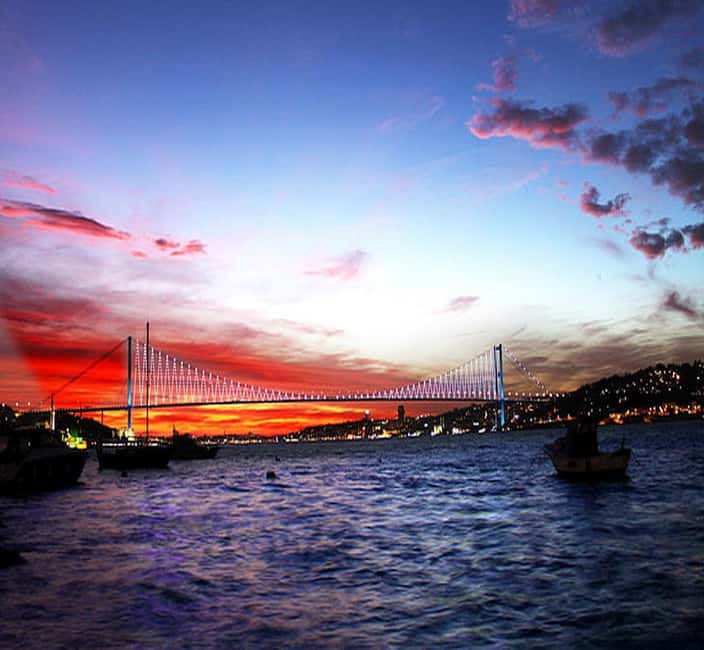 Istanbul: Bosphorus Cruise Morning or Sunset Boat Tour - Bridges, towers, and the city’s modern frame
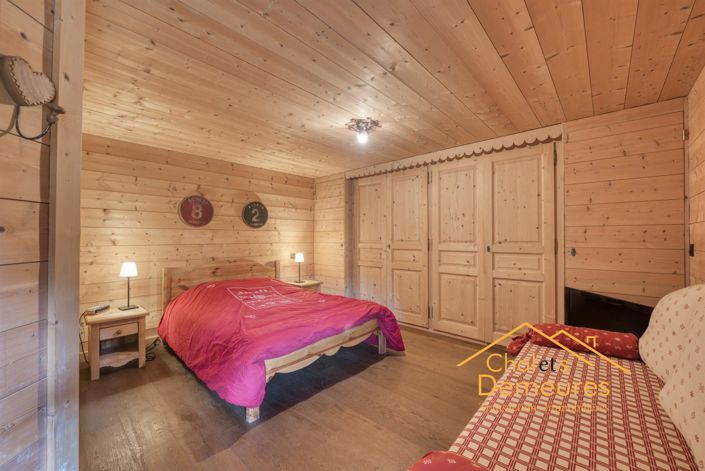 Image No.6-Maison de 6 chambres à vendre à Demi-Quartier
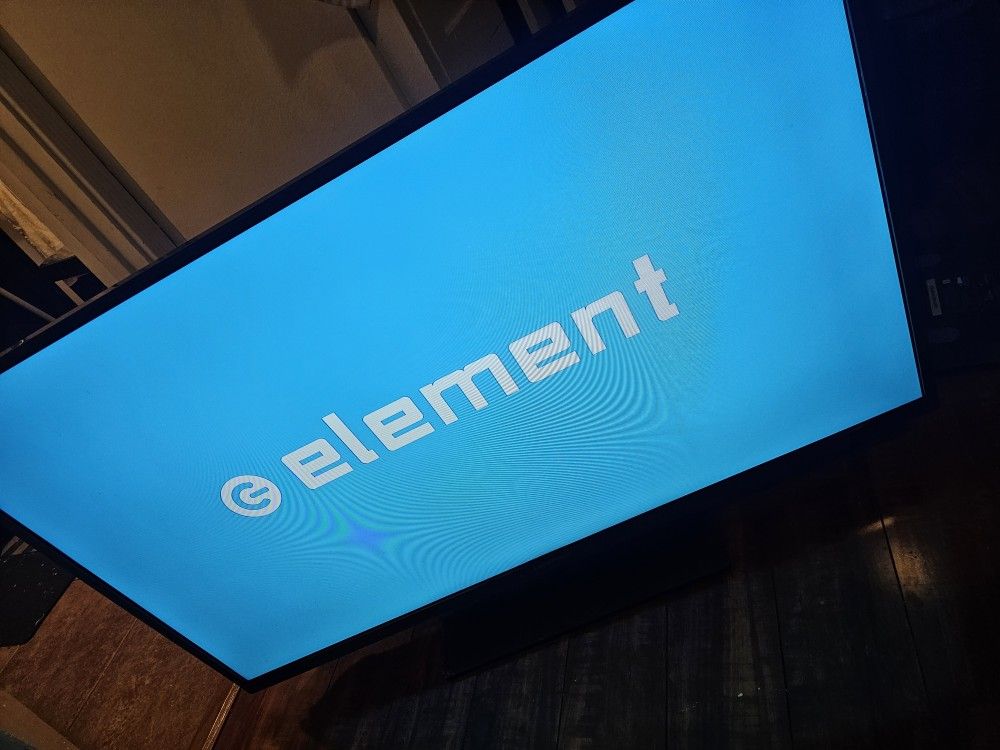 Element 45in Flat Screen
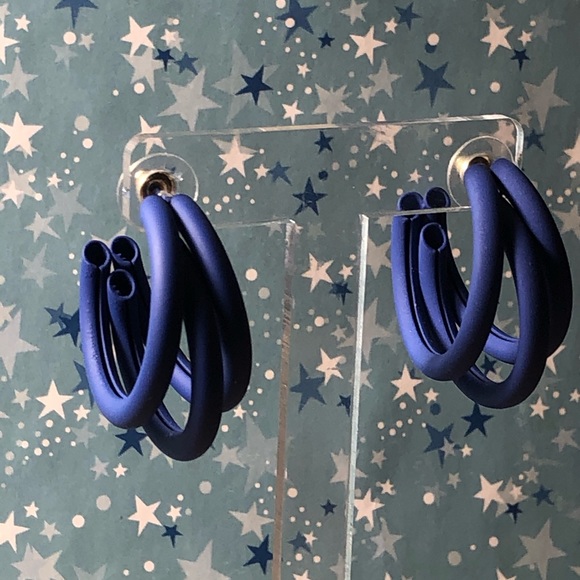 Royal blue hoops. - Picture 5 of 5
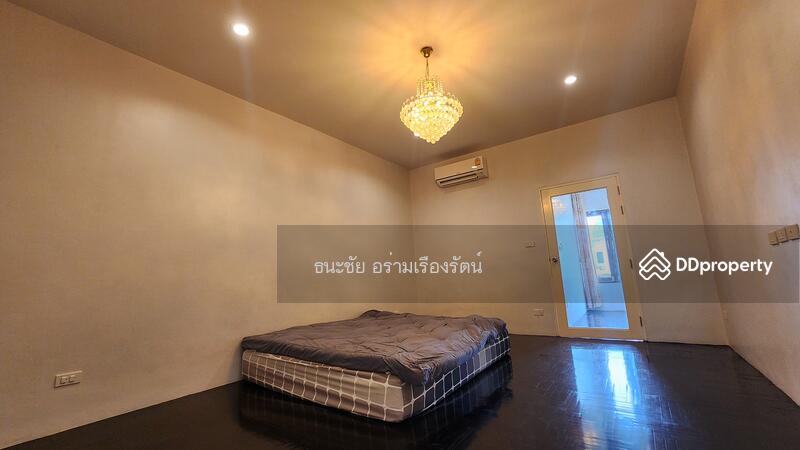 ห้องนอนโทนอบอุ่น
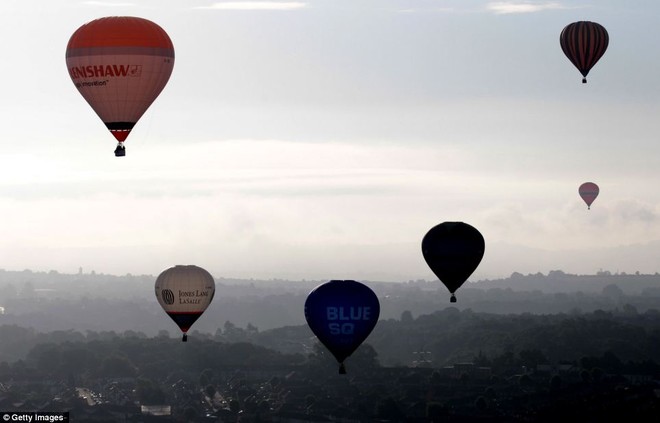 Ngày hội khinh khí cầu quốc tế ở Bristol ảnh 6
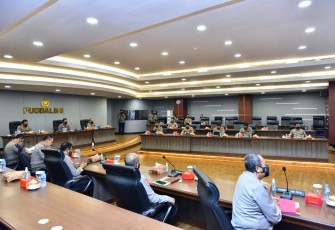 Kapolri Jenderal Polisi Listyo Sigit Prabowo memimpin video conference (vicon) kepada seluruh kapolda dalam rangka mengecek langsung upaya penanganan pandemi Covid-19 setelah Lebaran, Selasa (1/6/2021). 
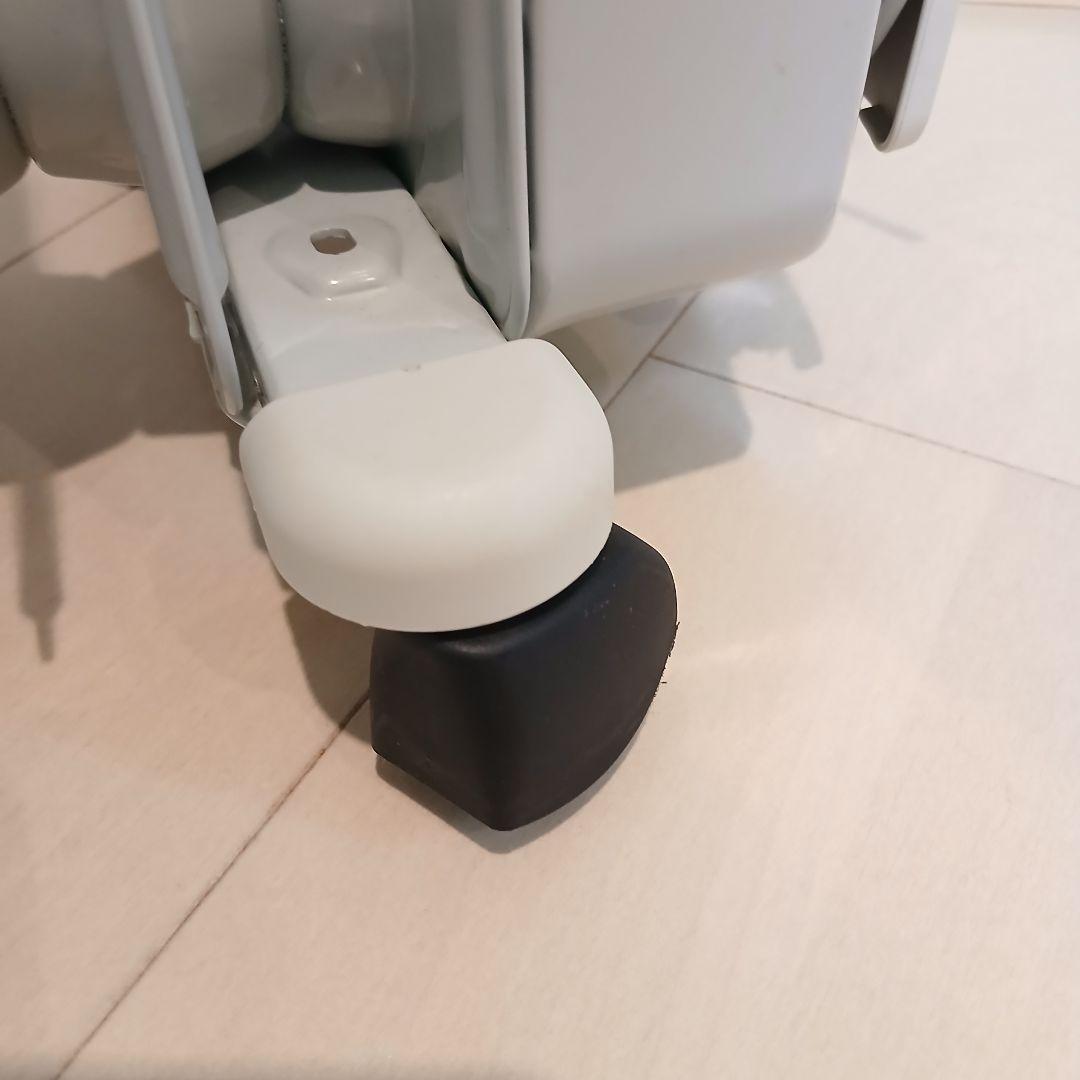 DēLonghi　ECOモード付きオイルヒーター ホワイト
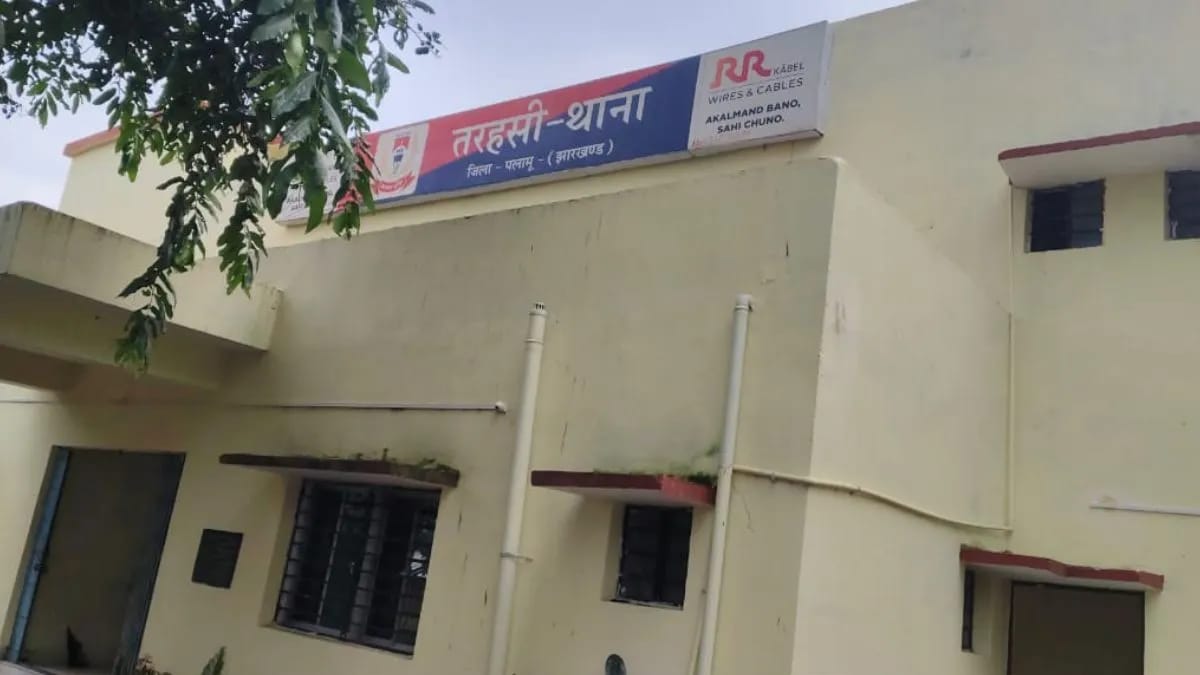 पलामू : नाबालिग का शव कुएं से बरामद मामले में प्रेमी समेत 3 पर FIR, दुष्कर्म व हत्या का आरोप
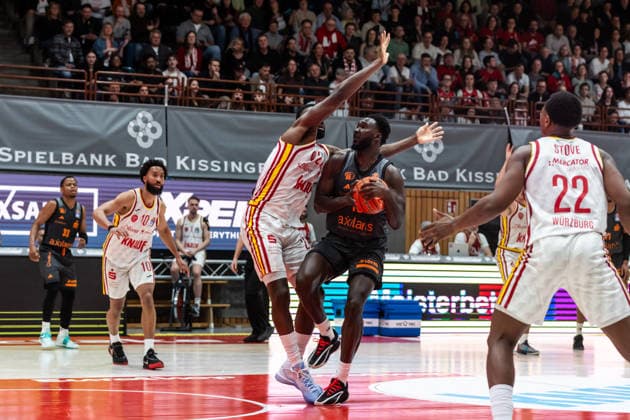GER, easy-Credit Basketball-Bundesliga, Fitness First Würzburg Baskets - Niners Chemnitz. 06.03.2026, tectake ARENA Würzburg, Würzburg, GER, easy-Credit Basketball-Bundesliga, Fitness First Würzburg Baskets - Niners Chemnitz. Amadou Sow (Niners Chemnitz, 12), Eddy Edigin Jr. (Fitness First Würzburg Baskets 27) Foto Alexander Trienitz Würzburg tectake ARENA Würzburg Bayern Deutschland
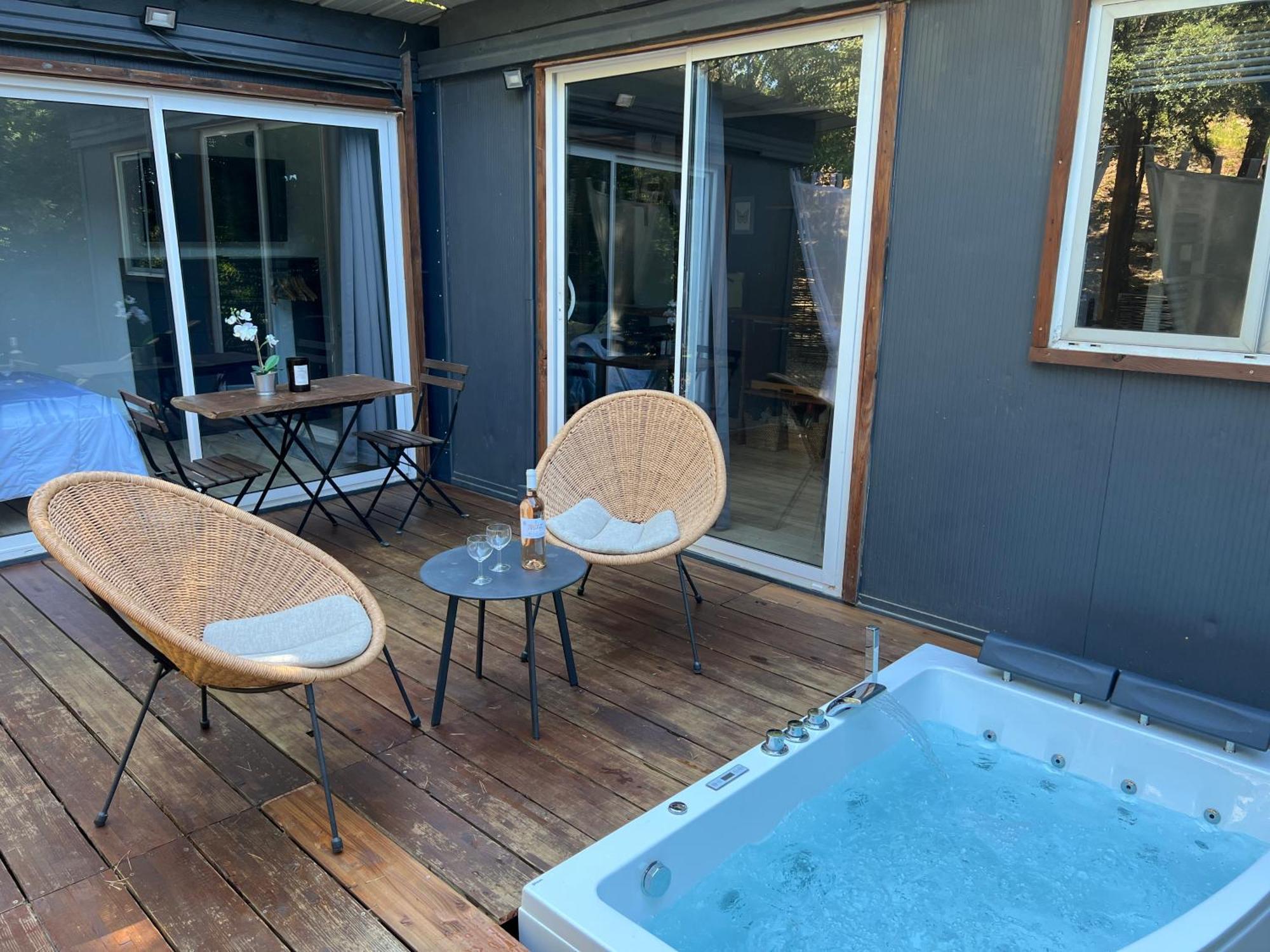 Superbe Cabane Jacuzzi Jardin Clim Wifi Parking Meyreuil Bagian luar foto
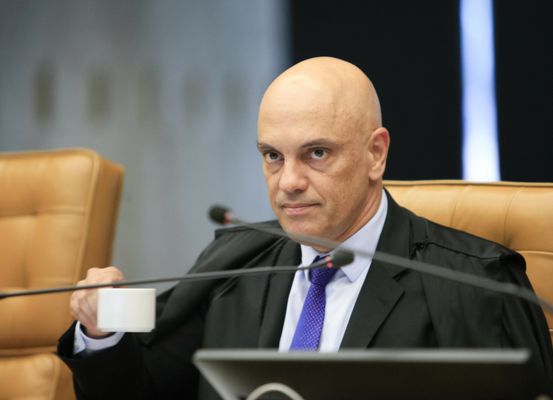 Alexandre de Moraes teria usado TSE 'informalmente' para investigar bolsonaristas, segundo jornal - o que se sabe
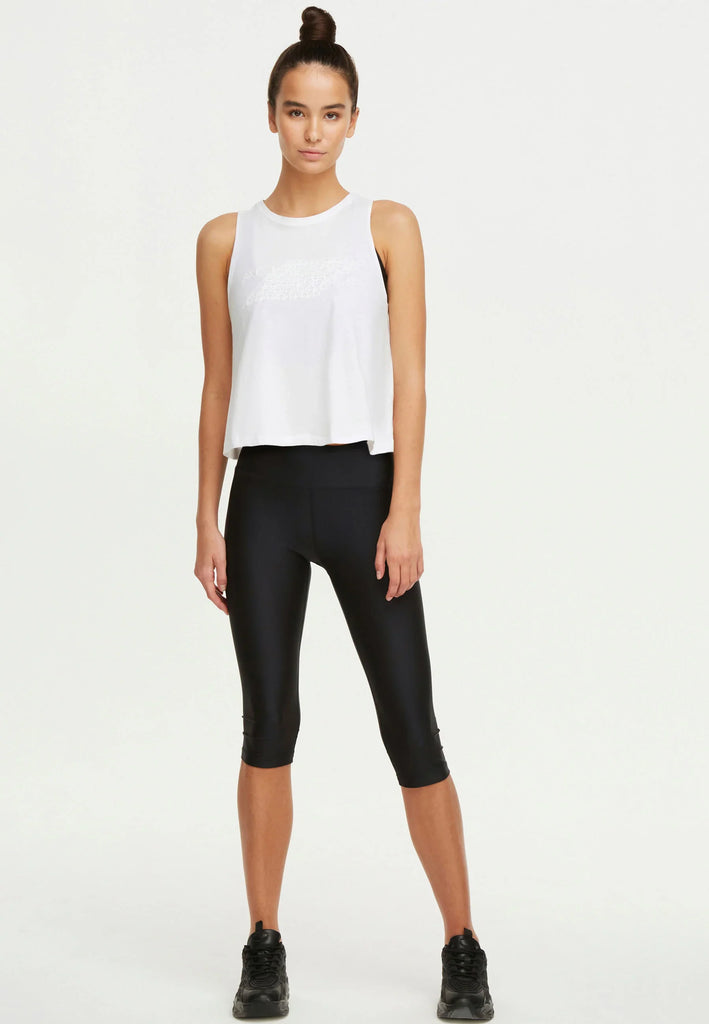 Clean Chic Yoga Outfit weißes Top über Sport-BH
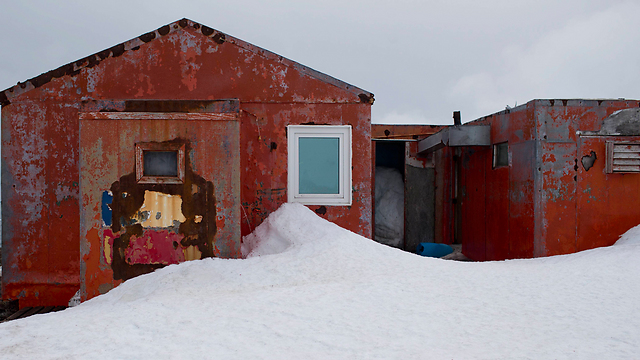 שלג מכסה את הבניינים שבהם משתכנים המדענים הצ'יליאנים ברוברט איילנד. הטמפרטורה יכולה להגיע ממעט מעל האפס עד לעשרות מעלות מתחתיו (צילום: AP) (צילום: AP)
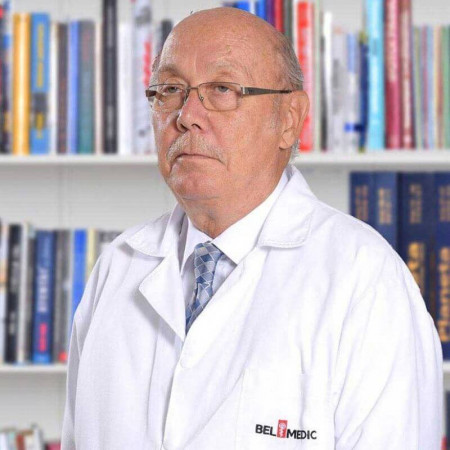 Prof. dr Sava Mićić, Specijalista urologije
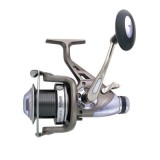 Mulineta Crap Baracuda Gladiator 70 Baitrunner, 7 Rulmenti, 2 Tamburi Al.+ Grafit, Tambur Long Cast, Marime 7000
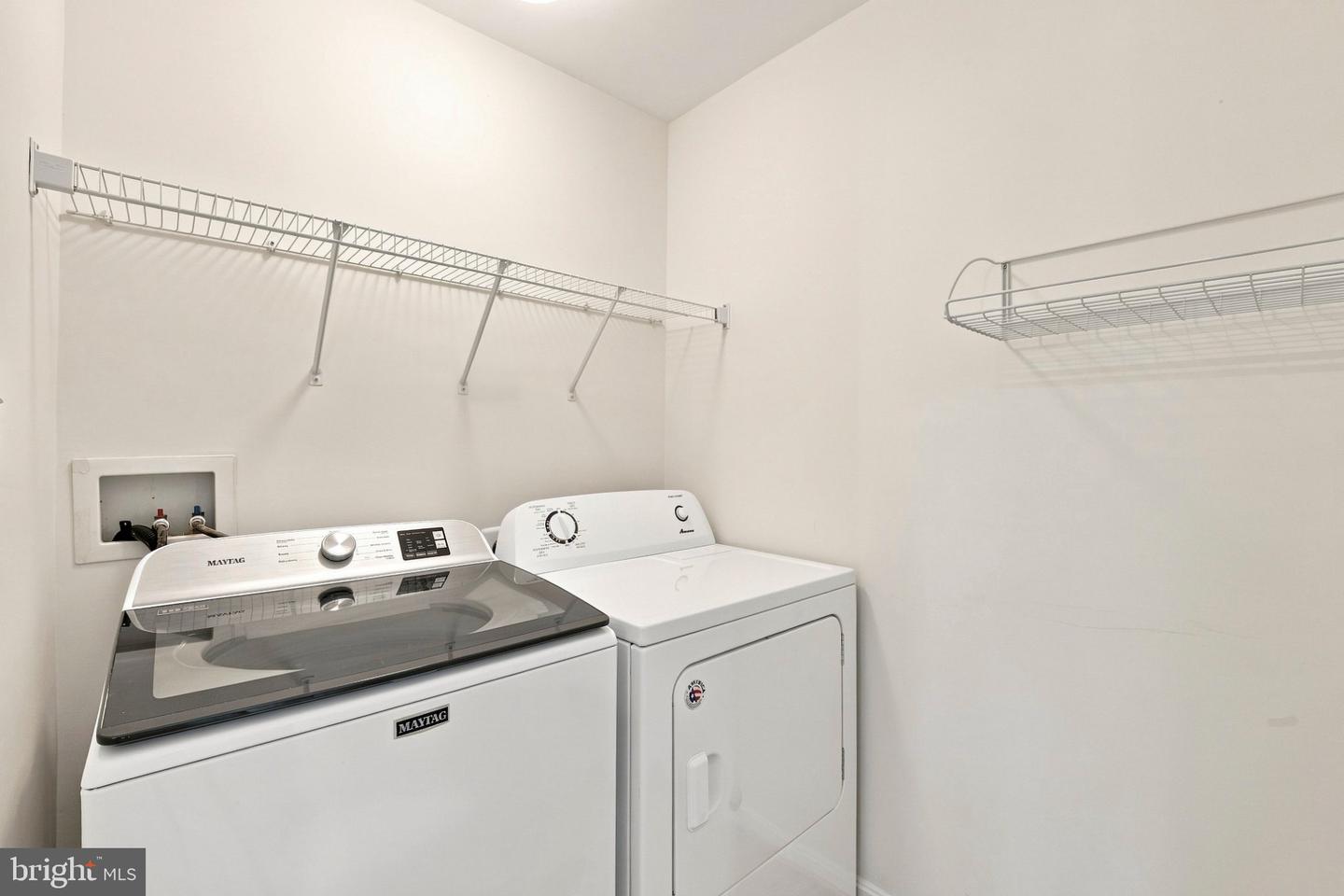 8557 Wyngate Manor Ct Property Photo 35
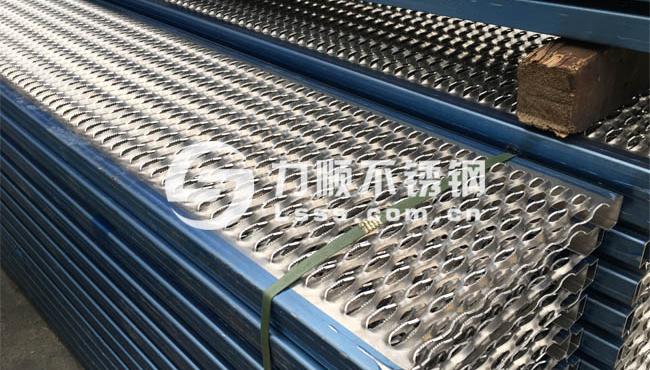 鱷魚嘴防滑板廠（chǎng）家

> **TASK DIRECTIONS**:
Reproduce, exactly and only, the lines of the records above starting at the line with "Element 45in Flat Screen" and ending at the line with "पलामू : नाबालिग", both included. Leave every picture out.

> **SOLUTION FOR THIS TASK**:
 Element 45in Flat Screen
 Royal blue hoops. - Picture 5 of 5
 ห้องนอนโทนอบอุ่น
 Ngày hội khinh khí cầu quốc tế ở Bristol ảnh 6
 Kapolri Jenderal Polisi Listyo Sigit Prabowo memimpin video conference (vicon) kepada seluruh kapolda dalam rangka mengecek langsung upaya penanganan pandemi Covid-19 setelah Lebaran, Selasa (1/6/2021). 
 DēLonghi　ECOモード付きオイルヒーター ホワイト
 पलामू : नाबालिग का शव कुएं से बरामद मामले में प्रेमी समेत 3 पर FIR, दुष्कर्म व हत्या का आरोप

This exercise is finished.